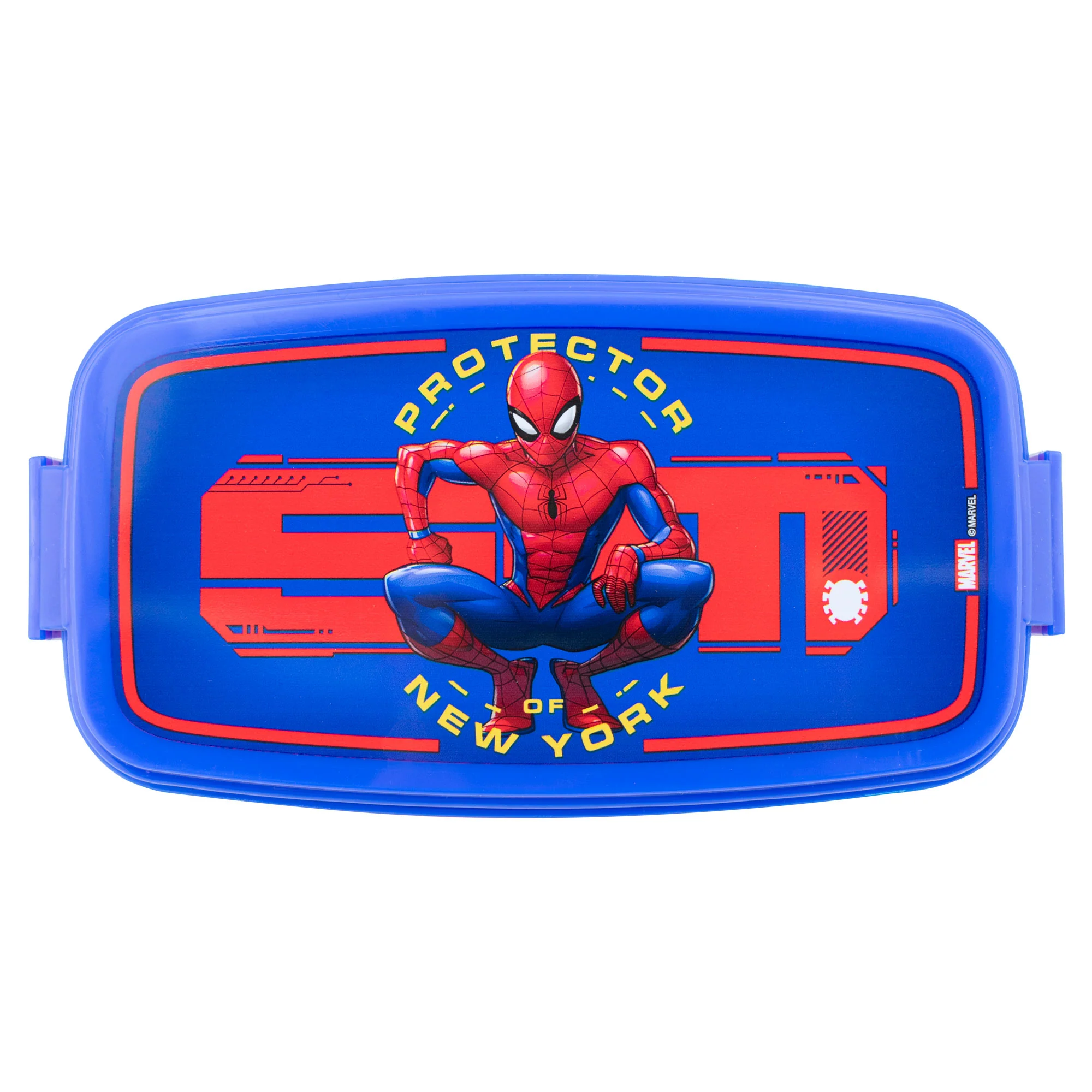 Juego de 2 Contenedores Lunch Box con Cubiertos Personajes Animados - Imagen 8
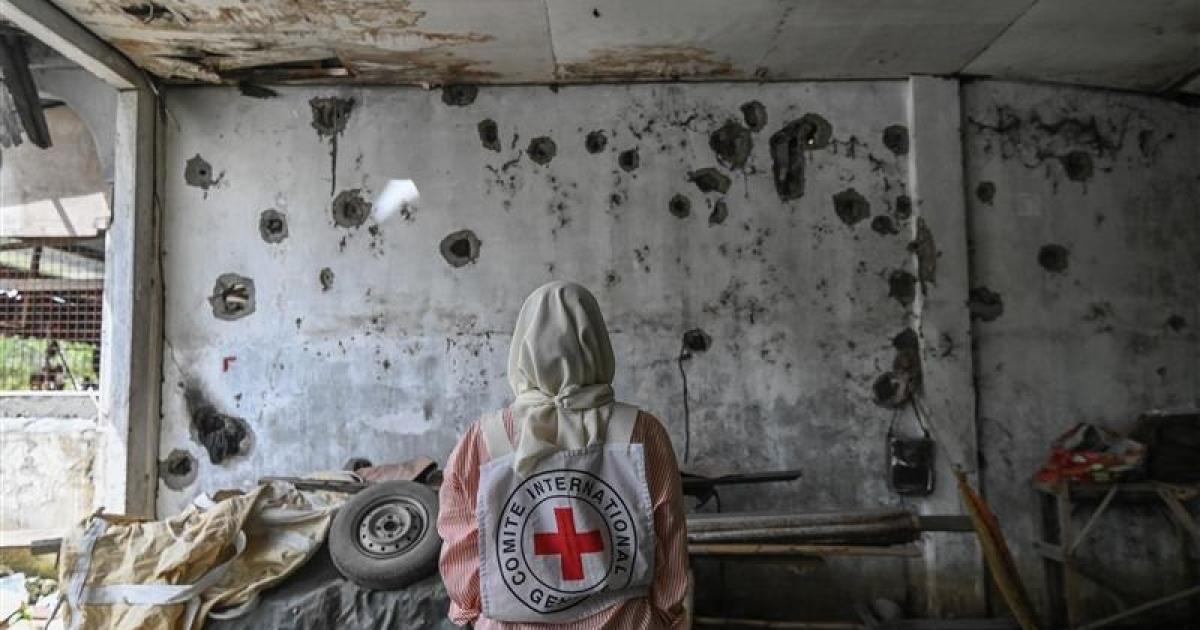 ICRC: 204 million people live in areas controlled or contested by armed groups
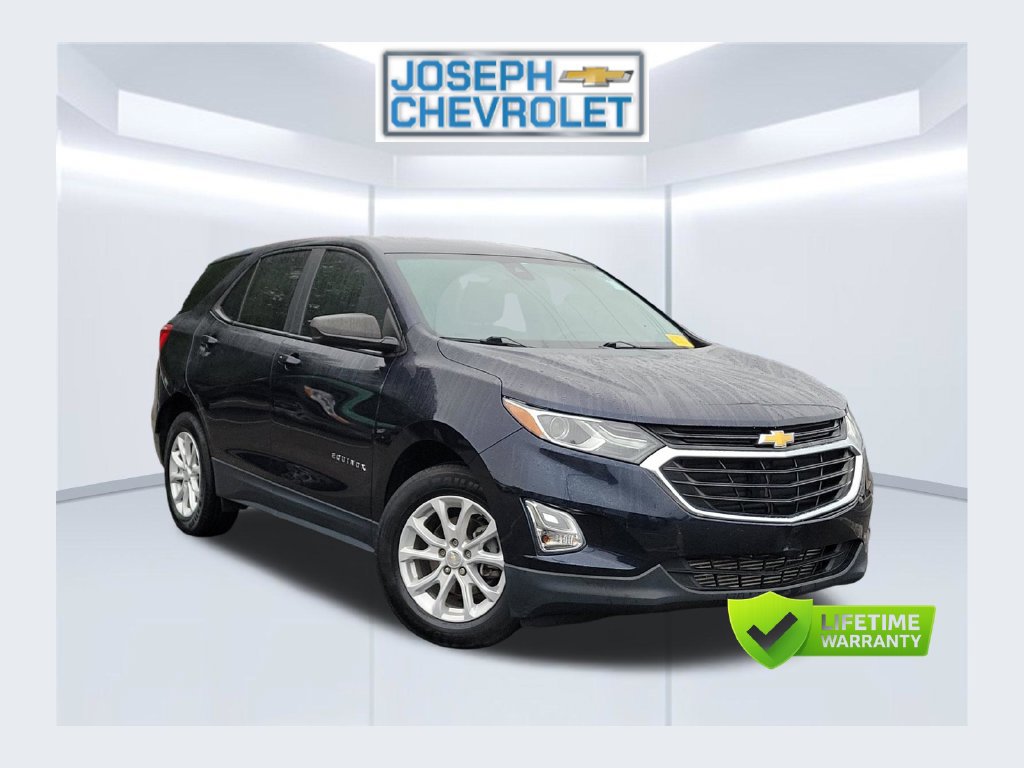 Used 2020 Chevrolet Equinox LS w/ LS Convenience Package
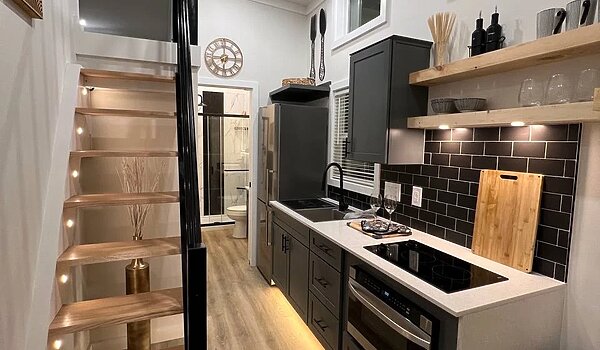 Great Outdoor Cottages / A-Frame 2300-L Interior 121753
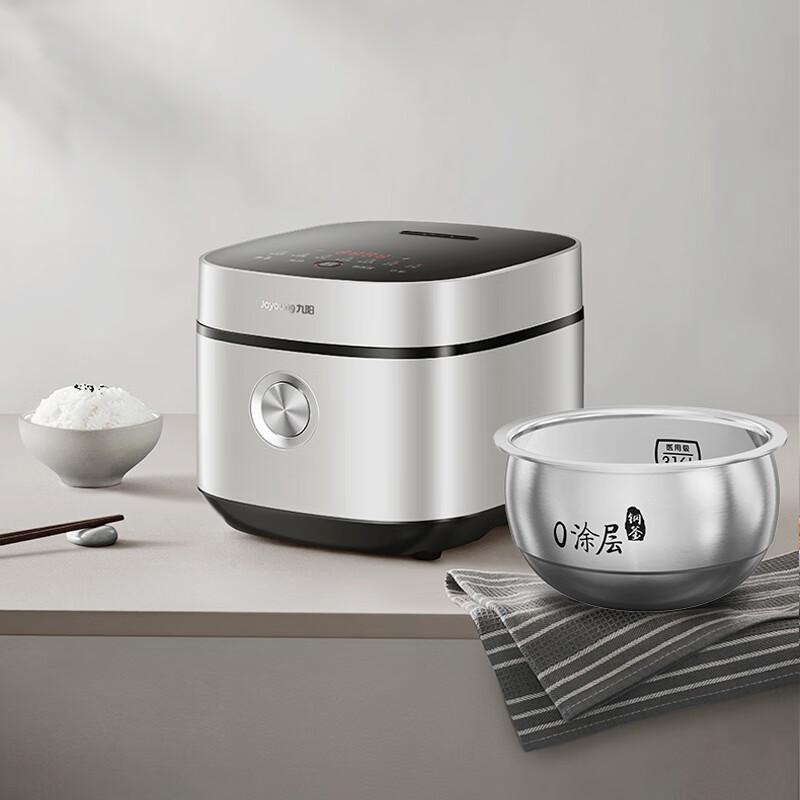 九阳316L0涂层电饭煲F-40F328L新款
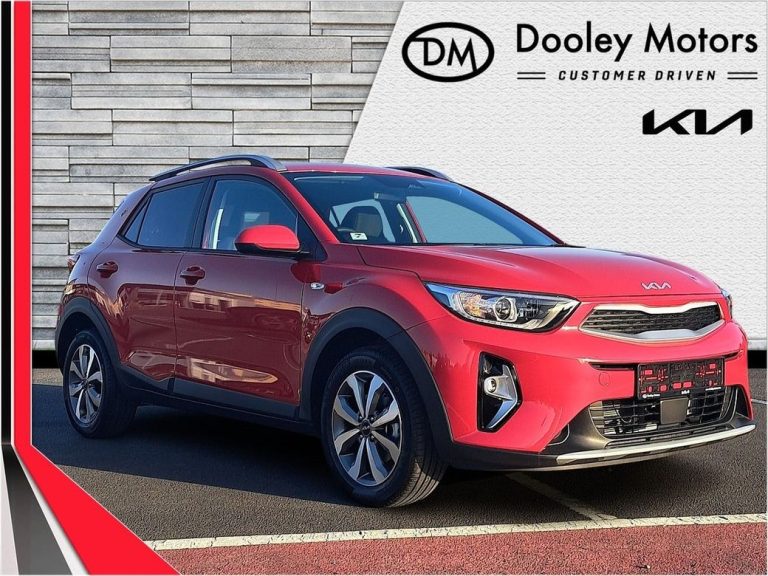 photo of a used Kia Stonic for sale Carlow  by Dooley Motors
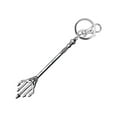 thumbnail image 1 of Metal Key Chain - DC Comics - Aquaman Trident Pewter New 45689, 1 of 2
- - -
= WORK REQUEST =
Repeat each line word for word, from the one with "九阳316L0涂层电饭煲F-40F328L新款" down to the last line of the data, and keep the pictures out of it.

= OUTPUT FOR THIS EXERCISE =
 九阳316L0涂层电饭煲F-40F328L新款
 photo of a used Kia Stonic for sale Carlow  by Dooley Motors
 thumbnail image 1 of Metal Key Chain - DC Comics - Aquaman Trident Pewter New 45689, 1 of 2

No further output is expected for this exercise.